Si Alfred Hitchcock et Jacques Demy faisaient un film ensemble, cela ressemblerait probablement à L'amour et les forêts, l'angoissant nouveau long métrage de Valérie Donzelli (La guerre est déclarée)
Cette adaptation du roman d'Éric Reinhardt décrit l'amour malheureux de Blanche Renard (Virginie Efira) envers Grégoire Lamoureux (Melvil Poupaud), un être charismatique qui se veut particulièrement jaloux, possessif et dangereux.
Ces sujets forts (le mécanisme de l'emprise et les relations de domination des hommes sur les femmes) résonnent particulièrement à une époque marquée par les féminicides. Le scénario de Donzelli et d'Audrey Diwan (L'événement) n'occulte aucun détail, dévoilant avec minutie tous les pièges en place, où la séduction finit par se transformer en manipulation. Malgré quelques élans plus démonstrateurs et certains retournements de situations moins crédibles, l'ensemble happe de plein fouet et fait réagir. Le prédateur a pris son temps pour tisser sa toile d'araignée, et sa victime ne pourra en ressortir indemne.
Des débuts enchanteurs d'un romantisme exacerbé, le récit verse de plus en plus vers le drame, le mélo et le suspense. Avant d'embrasser une forme de thriller qui fait battre le coeur plus rapidement tant la menace s'avère vive. De quoi ravir les fans d'Alfred Hitchcock ou de Claude Chabrol, alors que les thématiques en place ne sont pas sans rappeler Rebecca et L'enfer.
Le réalisme pur n'est pourtant pas la tasse de thé de la cinéaste. Comme dans ses précédentes réalisations Marguerite et Julien, Main dans la main et La reine des pommes, le conte permet de voir autrement le réel. C'est le cas où l'héroïne revient transformée d'un détour en forêt, après une rencontre avec un inconnu (incarné par le chanteur Bertrand Belin) qui la change à jamais.
Puis il y a cette façon à la Jacques Demy d'exprimer ses sentiments par la chanson, en détournant un tube pour lui donner un sens nouveau. À ce chapitre, les choix musicaux ne déçoivent pas. Autant toutes les mélodies qui défilent à l'écran (ah, Barbara!) que la bande sonore de Gabriel Yared, qui joue davantage la carte de l'émotion que de la tension. Frissons garantis.
La mise en scène séduit également par son esthétisme élaboré au niveau des couleurs et des textures. L'image volontairement vieillotte évoque quelques classiques de la Nouvelle Vague (principalement ceux de Jean-Luc Godard), tandis que les ellipses brutales lorgnent vers le travail de Maurice Pialat. La caméra qui semble flotter apporte une sensualité qui est la bienvenue, et qui permet d'atténuer la lourdeur en place.

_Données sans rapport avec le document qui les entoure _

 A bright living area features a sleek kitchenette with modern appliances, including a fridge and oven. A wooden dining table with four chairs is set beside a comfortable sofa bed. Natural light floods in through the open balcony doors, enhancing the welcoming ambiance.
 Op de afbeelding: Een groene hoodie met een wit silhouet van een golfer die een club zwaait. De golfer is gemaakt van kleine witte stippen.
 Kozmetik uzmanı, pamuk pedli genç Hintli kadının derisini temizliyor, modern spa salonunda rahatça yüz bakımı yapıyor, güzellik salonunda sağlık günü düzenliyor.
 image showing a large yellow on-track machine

Incarnant à l'écran la protagoniste et sa soeur jumelle (une déclinaison dont l'utilité laisse à désirer), Virginie Efira trouve une nouvelle façon de se réinventer. La meilleure actrice du moment - comme en fait foi ses performances éblouissantes dans Rien à perdre, Les enfants des autres et autres Madeleine Collins - est impressionnante de vitalité et de vulnérabilité, s'investissant totalement dans ce personnage qui prend son destin en main avant qu'il ne soit trop tard.

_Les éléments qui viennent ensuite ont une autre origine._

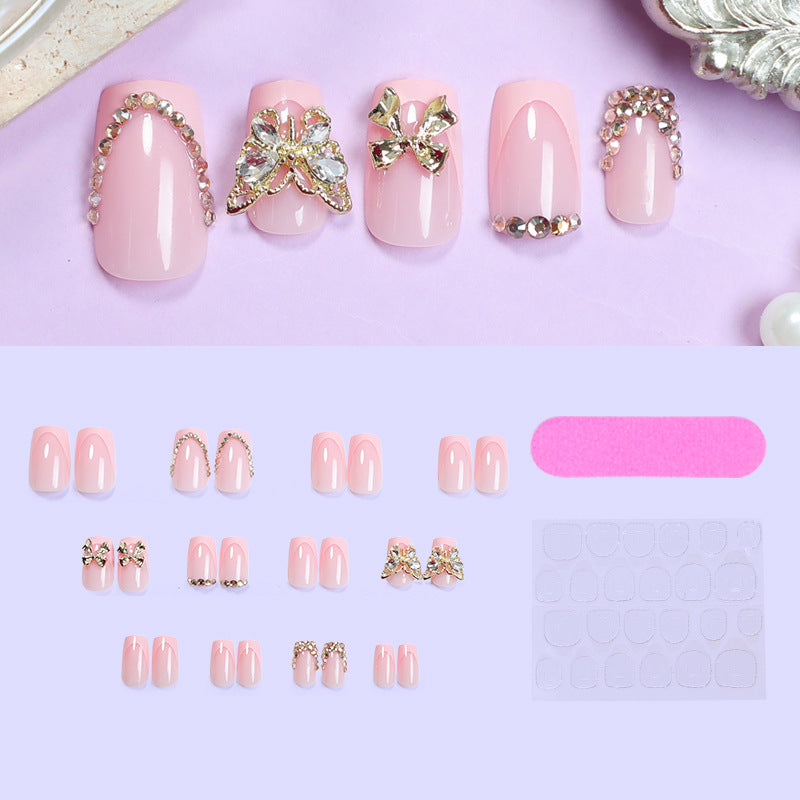 Glamorous artificial nail set with floral accents and glitter decorations Bowlift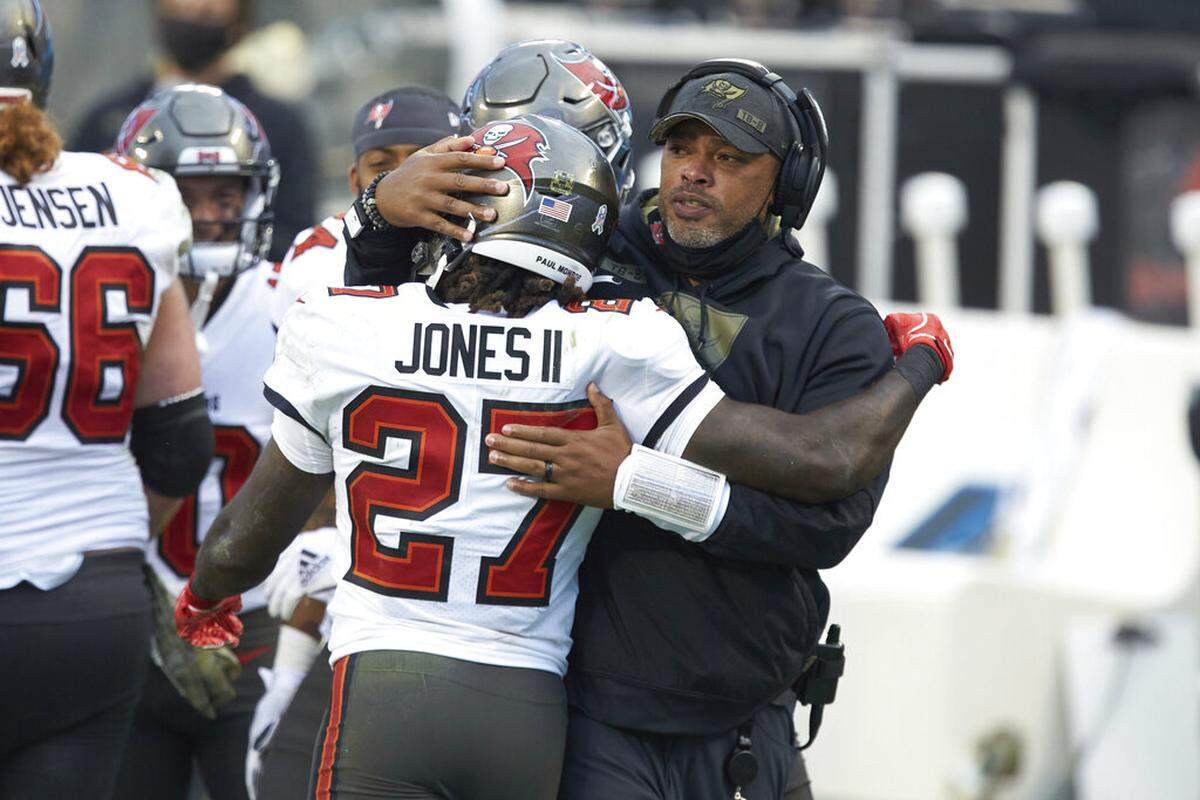 Tampa Bay Buccaneers running back Ronald Jones II (27) gets a hug from assistant head coach Harold Goodwin during an NFL football game against the Carolina Panthers, Sunday, Nov. 15, 2020, in Charlotte, N.C.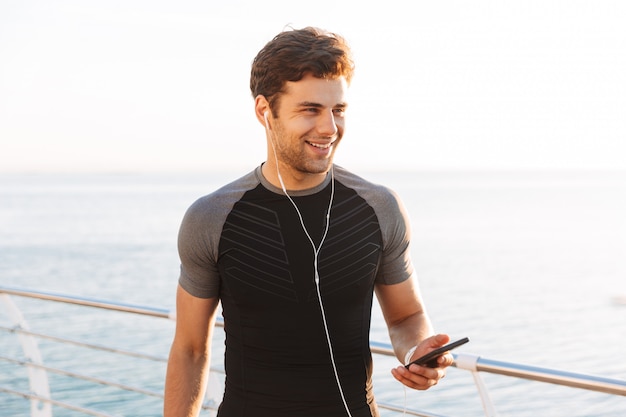 Hombre guapo en camiseta escuchando música a través de auriculares inalámbricos, durante la caminata al aire libre en la playa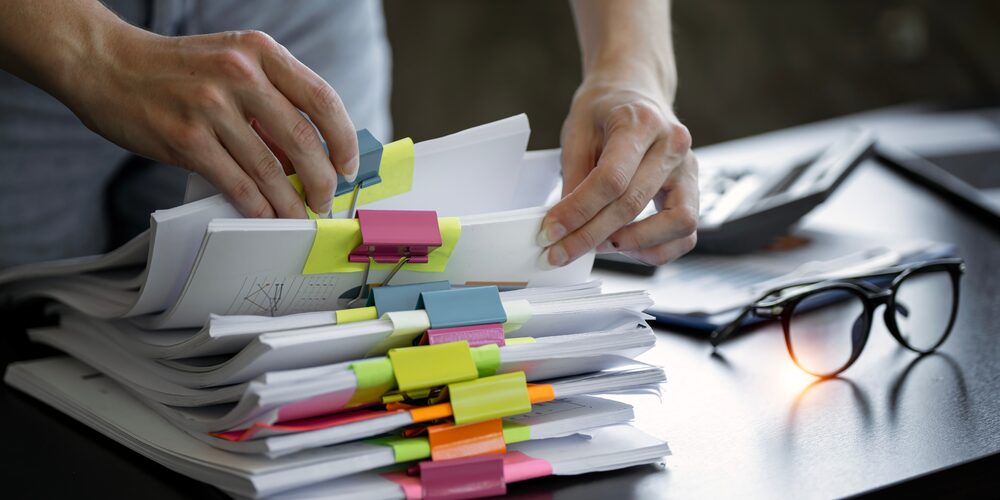 Manos ordenando una pila de documentos marcados con pestañas de colores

Face à elle se dresse l'étonnant Melvil Poupaud, qui se fait une joie de transformer son paradis en cauchemar. L'interprète est utilisé à contre-emploi, et il est tout simplement monstrueux. D'excellentes comédiennes - comme Romane Bohringer, Virginie Ledoyen et Marie Rivière - se prêtent au jeu pour rappeler l'importance de la solidarité et de la sororité.

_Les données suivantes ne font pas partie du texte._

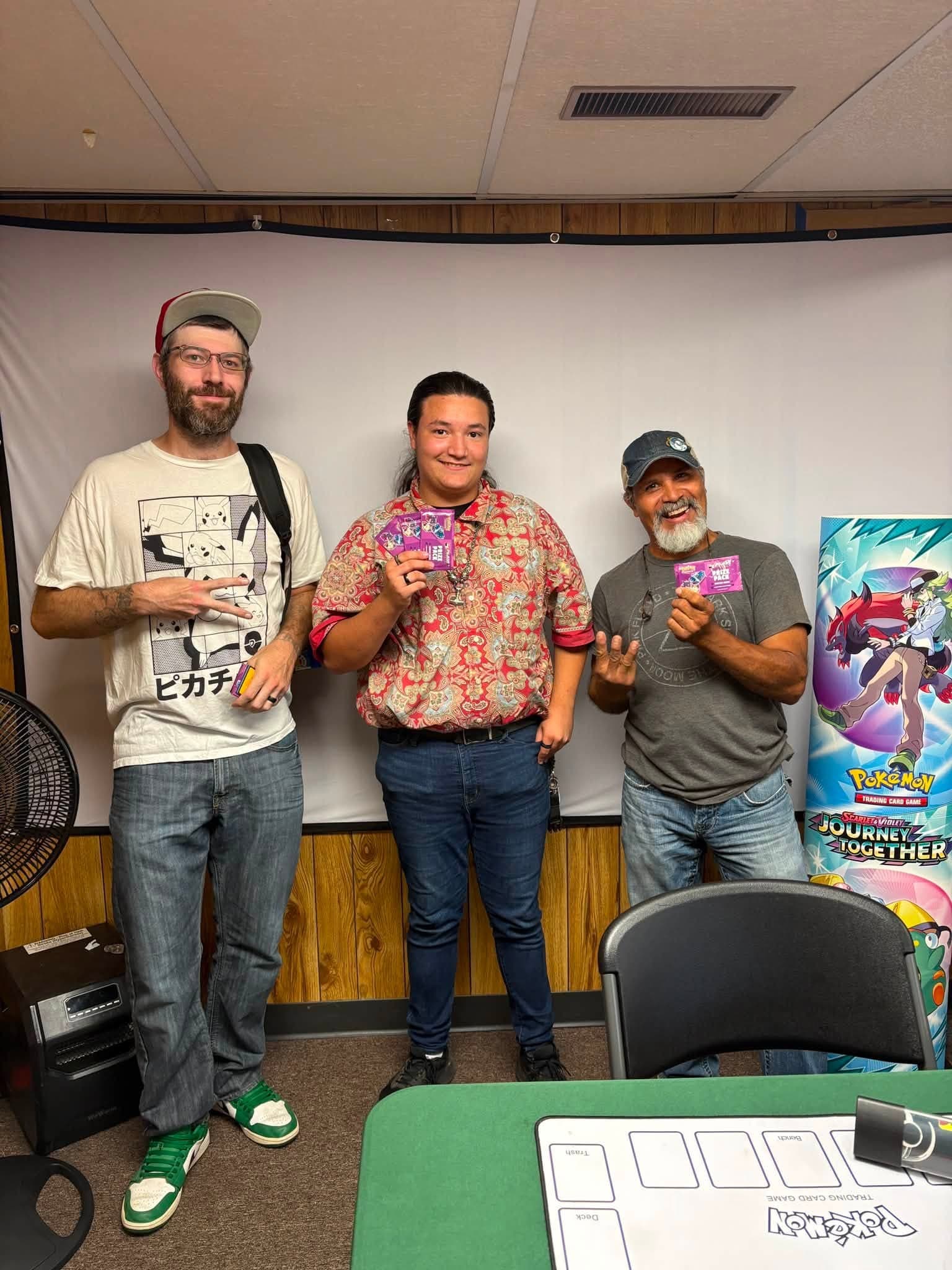 Three local players posing with cards at Masterwork Gaming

Valérie Donzelli signe avec L'amour et les forêts son meilleur film depuis La guerre est déclarée. Une oeuvre forte, douloureuse et maîtrisée qui, si elle se veut parfois trop psychologisante, se révèle importante et pleinement cinématographique. La force du dernier plan, qui laisse planer un avenir incertain, en hantera plus d'un.